What you need to do
The output should be identical to the entries that follow.

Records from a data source

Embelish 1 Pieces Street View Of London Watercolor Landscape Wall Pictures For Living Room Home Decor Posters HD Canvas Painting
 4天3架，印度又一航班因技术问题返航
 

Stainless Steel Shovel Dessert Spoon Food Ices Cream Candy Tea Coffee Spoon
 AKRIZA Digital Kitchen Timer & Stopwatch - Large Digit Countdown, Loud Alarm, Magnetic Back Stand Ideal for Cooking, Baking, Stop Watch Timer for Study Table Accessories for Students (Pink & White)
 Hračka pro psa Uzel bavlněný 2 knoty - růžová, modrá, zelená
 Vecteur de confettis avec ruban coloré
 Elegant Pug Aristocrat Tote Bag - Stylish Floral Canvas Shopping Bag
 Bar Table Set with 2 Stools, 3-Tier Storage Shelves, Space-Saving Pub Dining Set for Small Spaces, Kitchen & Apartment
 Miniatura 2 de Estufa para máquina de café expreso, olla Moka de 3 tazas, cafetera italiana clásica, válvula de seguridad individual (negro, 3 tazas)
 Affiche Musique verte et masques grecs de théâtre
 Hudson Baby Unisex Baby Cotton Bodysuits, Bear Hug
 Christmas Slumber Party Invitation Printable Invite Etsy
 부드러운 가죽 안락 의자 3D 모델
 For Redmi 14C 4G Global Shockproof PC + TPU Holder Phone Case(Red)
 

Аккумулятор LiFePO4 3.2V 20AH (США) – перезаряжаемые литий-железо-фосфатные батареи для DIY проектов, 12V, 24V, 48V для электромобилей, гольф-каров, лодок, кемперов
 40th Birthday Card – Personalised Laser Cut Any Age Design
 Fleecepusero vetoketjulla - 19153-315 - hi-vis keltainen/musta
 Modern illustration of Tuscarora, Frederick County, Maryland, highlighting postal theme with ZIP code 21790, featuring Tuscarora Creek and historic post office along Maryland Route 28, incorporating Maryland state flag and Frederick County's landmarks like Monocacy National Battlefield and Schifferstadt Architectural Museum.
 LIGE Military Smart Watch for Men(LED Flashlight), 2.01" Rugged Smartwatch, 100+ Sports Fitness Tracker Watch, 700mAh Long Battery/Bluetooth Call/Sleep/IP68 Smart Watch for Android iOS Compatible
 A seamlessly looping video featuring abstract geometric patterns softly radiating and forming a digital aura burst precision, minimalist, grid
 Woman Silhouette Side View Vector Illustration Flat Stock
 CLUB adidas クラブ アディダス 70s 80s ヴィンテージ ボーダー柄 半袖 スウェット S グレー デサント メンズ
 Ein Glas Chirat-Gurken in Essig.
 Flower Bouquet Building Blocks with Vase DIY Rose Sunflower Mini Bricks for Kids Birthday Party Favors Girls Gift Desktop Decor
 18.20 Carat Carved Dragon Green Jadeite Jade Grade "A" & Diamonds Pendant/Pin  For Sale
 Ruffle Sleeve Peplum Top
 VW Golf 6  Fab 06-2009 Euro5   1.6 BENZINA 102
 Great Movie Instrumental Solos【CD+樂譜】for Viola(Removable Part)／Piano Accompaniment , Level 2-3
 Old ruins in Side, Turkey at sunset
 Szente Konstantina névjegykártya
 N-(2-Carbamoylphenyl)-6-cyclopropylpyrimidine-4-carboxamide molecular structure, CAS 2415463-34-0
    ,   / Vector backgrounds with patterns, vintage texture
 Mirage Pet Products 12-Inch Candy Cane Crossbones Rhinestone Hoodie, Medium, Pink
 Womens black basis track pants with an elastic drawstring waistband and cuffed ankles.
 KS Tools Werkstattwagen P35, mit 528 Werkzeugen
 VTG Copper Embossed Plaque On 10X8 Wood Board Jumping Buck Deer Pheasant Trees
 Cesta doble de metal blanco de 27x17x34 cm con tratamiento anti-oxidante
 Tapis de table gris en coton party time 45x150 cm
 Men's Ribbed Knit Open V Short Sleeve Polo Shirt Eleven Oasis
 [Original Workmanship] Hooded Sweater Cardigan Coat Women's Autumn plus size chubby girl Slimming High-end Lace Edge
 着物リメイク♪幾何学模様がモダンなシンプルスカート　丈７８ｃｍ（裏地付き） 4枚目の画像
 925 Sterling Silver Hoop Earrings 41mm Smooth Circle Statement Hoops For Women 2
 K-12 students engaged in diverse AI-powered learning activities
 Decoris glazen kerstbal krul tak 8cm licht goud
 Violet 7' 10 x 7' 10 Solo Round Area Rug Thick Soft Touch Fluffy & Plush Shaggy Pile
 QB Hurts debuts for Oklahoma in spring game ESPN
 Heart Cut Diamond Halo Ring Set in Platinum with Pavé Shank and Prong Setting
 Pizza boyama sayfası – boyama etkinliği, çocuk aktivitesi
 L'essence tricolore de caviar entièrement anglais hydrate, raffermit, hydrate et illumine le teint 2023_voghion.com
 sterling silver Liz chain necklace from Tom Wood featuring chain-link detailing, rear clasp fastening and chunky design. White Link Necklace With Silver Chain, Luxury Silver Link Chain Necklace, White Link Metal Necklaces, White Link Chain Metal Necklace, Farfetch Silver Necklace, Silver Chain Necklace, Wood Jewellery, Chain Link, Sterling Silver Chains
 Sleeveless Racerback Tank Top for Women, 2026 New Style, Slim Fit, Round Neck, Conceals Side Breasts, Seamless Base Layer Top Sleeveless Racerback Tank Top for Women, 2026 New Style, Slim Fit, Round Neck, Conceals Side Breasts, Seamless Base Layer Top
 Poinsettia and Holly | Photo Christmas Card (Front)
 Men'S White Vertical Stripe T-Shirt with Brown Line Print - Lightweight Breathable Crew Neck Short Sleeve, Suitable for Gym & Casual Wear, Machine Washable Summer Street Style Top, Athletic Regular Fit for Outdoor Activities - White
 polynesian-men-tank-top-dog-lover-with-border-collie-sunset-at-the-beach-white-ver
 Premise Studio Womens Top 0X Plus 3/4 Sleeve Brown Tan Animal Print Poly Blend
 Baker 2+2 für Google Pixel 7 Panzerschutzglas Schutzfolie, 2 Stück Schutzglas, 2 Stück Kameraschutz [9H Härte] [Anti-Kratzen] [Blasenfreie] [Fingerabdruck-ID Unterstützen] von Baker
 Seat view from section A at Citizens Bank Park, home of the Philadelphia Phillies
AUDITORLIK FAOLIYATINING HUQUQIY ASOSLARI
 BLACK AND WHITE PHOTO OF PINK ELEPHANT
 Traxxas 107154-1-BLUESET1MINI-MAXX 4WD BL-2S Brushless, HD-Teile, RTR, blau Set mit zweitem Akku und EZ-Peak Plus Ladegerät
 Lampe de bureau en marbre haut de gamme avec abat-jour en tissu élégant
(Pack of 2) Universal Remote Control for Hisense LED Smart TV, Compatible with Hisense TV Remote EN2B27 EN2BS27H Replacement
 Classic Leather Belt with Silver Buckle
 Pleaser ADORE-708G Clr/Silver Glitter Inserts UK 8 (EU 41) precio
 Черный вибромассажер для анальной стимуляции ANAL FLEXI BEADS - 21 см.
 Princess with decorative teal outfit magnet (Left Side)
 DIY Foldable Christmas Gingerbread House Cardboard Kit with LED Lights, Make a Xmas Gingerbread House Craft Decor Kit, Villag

Reply to the exercise
Embelish 1 Pieces Street View Of London Watercolor Landscape Wall Pictures For Living Room Home Decor Posters HD Canvas Painting
 4天3架，印度又一航班因技术问题返航
 

Stainless Steel Shovel Dessert Spoon Food Ices Cream Candy Tea Coffee Spoon
 AKRIZA Digital Kitchen Timer & Stopwatch - Large Digit Countdown, Loud Alarm, Magnetic Back Stand Ideal for Cooking, Baking, Stop Watch Timer for Study Table Accessories for Students (Pink & White)
 Hračka pro psa Uzel bavlněný 2 knoty - růžová, modrá, zelená
 Vecteur de confettis avec ruban coloré
 Elegant Pug Aristocrat Tote Bag - Stylish Floral Canvas Shopping Bag
 Bar Table Set with 2 Stools, 3-Tier Storage Shelves, Space-Saving Pub Dining Set for Small Spaces, Kitchen & Apartment
 Miniatura 2 de Estufa para máquina de café expreso, olla Moka de 3 tazas, cafetera italiana clásica, válvula de seguridad individual (negro, 3 tazas)
 Affiche Musique verte et masques grecs de théâtre
 Hudson Baby Unisex Baby Cotton Bodysuits, Bear Hug
 Christmas Slumber Party Invitation Printable Invite Etsy
 부드러운 가죽 안락 의자 3D 모델
 For Redmi 14C 4G Global Shockproof PC + TPU Holder Phone Case(Red)
 

Аккумулятор LiFePO4 3.2V 20AH (США) – перезаряжаемые литий-железо-фосфатные батареи для DIY проектов, 12V, 24V, 48V для электромобилей, гольф-каров, лодок, кемперов
 40th Birthday Card – Personalised Laser Cut Any Age Design
 Fleecepusero vetoketjulla - 19153-315 - hi-vis keltainen/musta
 Modern illustration of Tuscarora, Frederick County, Maryland, highlighting postal theme with ZIP code 21790, featuring Tuscarora Creek and historic post office along Maryland Route 28, incorporating Maryland state flag and Frederick County's landmarks like Monocacy National Battlefield and Schifferstadt Architectural Museum.
 LIGE Military Smart Watch for Men(LED Flashlight), 2.01" Rugged Smartwatch, 100+ Sports Fitness Tracker Watch, 700mAh Long Battery/Bluetooth Call/Sleep/IP68 Smart Watch for Android iOS Compatible
 A seamlessly looping video featuring abstract geometric patterns softly radiating and forming a digital aura burst precision, minimalist, grid
 Woman Silhouette Side View Vector Illustration Flat Stock
 CLUB adidas クラブ アディダス 70s 80s ヴィンテージ ボーダー柄 半袖 スウェット S グレー デサント メンズ
 Ein Glas Chirat-Gurken in Essig.
 Flower Bouquet Building Blocks with Vase DIY Rose Sunflower Mini Bricks for Kids Birthday Party Favors Girls Gift Desktop Decor
 18.20 Carat Carved Dragon Green Jadeite Jade Grade "A" & Diamonds Pendant/Pin  For Sale
 Ruffle Sleeve Peplum Top
 VW Golf 6  Fab 06-2009 Euro5   1.6 BENZINA 102
 Great Movie Instrumental Solos【CD+樂譜】for Viola(Removable Part)／Piano Accompaniment , Level 2-3
 Old ruins in Side, Turkey at sunset
 Szente Konstantina névjegykártya
 N-(2-Carbamoylphenyl)-6-cyclopropylpyrimidine-4-carboxamide molecular structure, CAS 2415463-34-0
    ,   / Vector backgrounds with patterns, vintage texture
 Mirage Pet Products 12-Inch Candy Cane Crossbones Rhinestone Hoodie, Medium, Pink
 Womens black basis track pants with an elastic drawstring waistband and cuffed ankles.
 KS Tools Werkstattwagen P35, mit 528 Werkzeugen
 VTG Copper Embossed Plaque On 10X8 Wood Board Jumping Buck Deer Pheasant Trees
 Cesta doble de metal blanco de 27x17x34 cm con tratamiento anti-oxidante
 Tapis de table gris en coton party time 45x150 cm
 Men's Ribbed Knit Open V Short Sleeve Polo Shirt Eleven Oasis
 [Original Workmanship] Hooded Sweater Cardigan Coat Women's Autumn plus size chubby girl Slimming High-end Lace Edge
 着物リメイク♪幾何学模様がモダンなシンプルスカート　丈７８ｃｍ（裏地付き） 4枚目の画像
 925 Sterling Silver Hoop Earrings 41mm Smooth Circle Statement Hoops For Women 2
 K-12 students engaged in diverse AI-powered learning activities
 Decoris glazen kerstbal krul tak 8cm licht goud
 Violet 7' 10 x 7' 10 Solo Round Area Rug Thick Soft Touch Fluffy & Plush Shaggy Pile
 QB Hurts debuts for Oklahoma in spring game ESPN
 Heart Cut Diamond Halo Ring Set in Platinum with Pavé Shank and Prong Setting
 Pizza boyama sayfası – boyama etkinliği, çocuk aktivitesi
 L'essence tricolore de caviar entièrement anglais hydrate, raffermit, hydrate et illumine le teint 2023_voghion.com
 sterling silver Liz chain necklace from Tom Wood featuring chain-link detailing, rear clasp fastening and chunky design. White Link Necklace With Silver Chain, Luxury Silver Link Chain Necklace, White Link Metal Necklaces, White Link Chain Metal Necklace, Farfetch Silver Necklace, Silver Chain Necklace, Wood Jewellery, Chain Link, Sterling Silver Chains
 Sleeveless Racerback Tank Top for Women, 2026 New Style, Slim Fit, Round Neck, Conceals Side Breasts, Seamless Base Layer Top Sleeveless Racerback Tank Top for Women, 2026 New Style, Slim Fit, Round Neck, Conceals Side Breasts, Seamless Base Layer Top
 Poinsettia and Holly | Photo Christmas Card (Front)
 Men'S White Vertical Stripe T-Shirt with Brown Line Print - Lightweight Breathable Crew Neck Short Sleeve, Suitable for Gym & Casual Wear, Machine Washable Summer Street Style Top, Athletic Regular Fit for Outdoor Activities - White
 polynesian-men-tank-top-dog-lover-with-border-collie-sunset-at-the-beach-white-ver
 Premise Studio Womens Top 0X Plus 3/4 Sleeve Brown Tan Animal Print Poly Blend
 Baker 2+2 für Google Pixel 7 Panzerschutzglas Schutzfolie, 2 Stück Schutzglas, 2 Stück Kameraschutz [9H Härte] [Anti-Kratzen] [Blasenfreie] [Fingerabdruck-ID Unterstützen] von Baker
 Seat view from section A at Citizens Bank Park, home of the Philadelphia Phillies
AUDITORLIK FAOLIYATINING HUQUQIY ASOSLARI
 BLACK AND WHITE PHOTO OF PINK ELEPHANT
 Traxxas 107154-1-BLUESET1MINI-MAXX 4WD BL-2S Brushless, HD-Teile, RTR, blau Set mit zweitem Akku und EZ-Peak Plus Ladegerät
 Lampe de bureau en marbre haut de gamme avec abat-jour en tissu élégant
(Pack of 2) Universal Remote Control for Hisense LED Smart TV, Compatible with Hisense TV Remote EN2B27 EN2BS27H Replacement
 Classic Leather Belt with Silver Buckle
 Pleaser ADORE-708G Clr/Silver Glitter Inserts UK 8 (EU 41) precio
 Черный вибромассажер для анальной стимуляции ANAL FLEXI BEADS - 21 см.
 Princess with decorative teal outfit magnet (Left Side)
 DIY Foldable Christmas Gingerbread House Cardboard Kit with LED Lights, Make a Xmas Gingerbread House Craft Decor Kit, Villag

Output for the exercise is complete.